Définition du travailleur de nuit
Est considéré comme travailleur de nuit au sens de l’article L. 3122-5 tout salarié qui :
- Accomplit au moins 2 fois par semaine, selon son horaire habituel, au moins 3 heures de travail de nuit quotidiennes
- Ou accomplit au moins 270 heures de travail de nuit sur une période de 12 mois consécutifs (seuil pouvant être modifié par accord collectif)
Conditions de mise en place
Le recours au travail de nuit est subordonné à :
- La justification par la nécessité d’assurer la continuité de l’activité (article L. 3122-1)
- Un accord collectif préalable (article L. 3122-15) qui doit prévoir les contreparties, les conditions de travail et les mesures pour améliorer les conditions de travail
- À défaut d’accord, une autorisation de l’inspecteur du travail (article L. 3122-21)

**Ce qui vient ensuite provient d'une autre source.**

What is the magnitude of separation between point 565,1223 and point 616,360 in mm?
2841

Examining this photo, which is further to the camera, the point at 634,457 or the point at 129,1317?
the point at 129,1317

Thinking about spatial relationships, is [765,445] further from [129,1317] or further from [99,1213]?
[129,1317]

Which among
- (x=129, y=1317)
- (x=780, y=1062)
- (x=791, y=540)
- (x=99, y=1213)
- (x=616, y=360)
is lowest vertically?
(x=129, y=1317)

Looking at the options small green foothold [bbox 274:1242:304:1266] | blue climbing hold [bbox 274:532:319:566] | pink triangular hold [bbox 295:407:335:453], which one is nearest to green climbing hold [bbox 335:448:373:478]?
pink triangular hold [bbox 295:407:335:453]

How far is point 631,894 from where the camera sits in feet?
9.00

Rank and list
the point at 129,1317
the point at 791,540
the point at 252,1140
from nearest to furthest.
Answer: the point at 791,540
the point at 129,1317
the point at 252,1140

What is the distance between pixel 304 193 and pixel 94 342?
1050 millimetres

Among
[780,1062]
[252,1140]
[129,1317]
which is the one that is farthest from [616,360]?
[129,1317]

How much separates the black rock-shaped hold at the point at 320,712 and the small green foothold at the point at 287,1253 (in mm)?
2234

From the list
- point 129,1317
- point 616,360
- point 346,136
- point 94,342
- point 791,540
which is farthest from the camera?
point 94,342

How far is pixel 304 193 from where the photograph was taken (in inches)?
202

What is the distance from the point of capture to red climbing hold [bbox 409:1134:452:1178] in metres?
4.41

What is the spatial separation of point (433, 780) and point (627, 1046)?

Durées maximales spécifiques
- Durée quotidienne : 8 heures maximum de travail de nuit consécutives (article L. 3122-6), contre 10 heures pour le travail de jour
- Durée hebdomadaire : 40 heures en moyenne sur 12 semaines consécutives (article L. 3122-7), contre 44 heures pour le travail de jour
Des dérogations sont possibles par accord collectif, dans la limite de 12 heures quotidiennes (article L. 3122-17) et 44 heures hebdomadaires en moyenne (article L. 3122-18).
Contreparties obligatoires
Le travailleur de nuit bénéficie de contreparties obligatoires sous forme de repos compensateur et, le cas échéant, de compensation salariale (article L. 3122-8). L’accord collectif détermine les modalités de ces contreparties.
Surveillance médicale renforcée
Le travailleur de nuit bénéficie d’un suivi individuel régulier par le médecin du travail (article L. 3122-11). Le médecin du travail peut proposer des mesures d’adaptation du poste ou le transfert sur un poste de jour si l’état de santé du salarié l’exige.
Interdictions
- Jeunes travailleurs : le travail de nuit est interdit pour les salariés de moins de 18 ans (article L. 3163-2), sauf dérogations limitées
- Femmes enceintes : la salariée enceinte peut demander à être affectée à un poste de jour (article L. 1225-9)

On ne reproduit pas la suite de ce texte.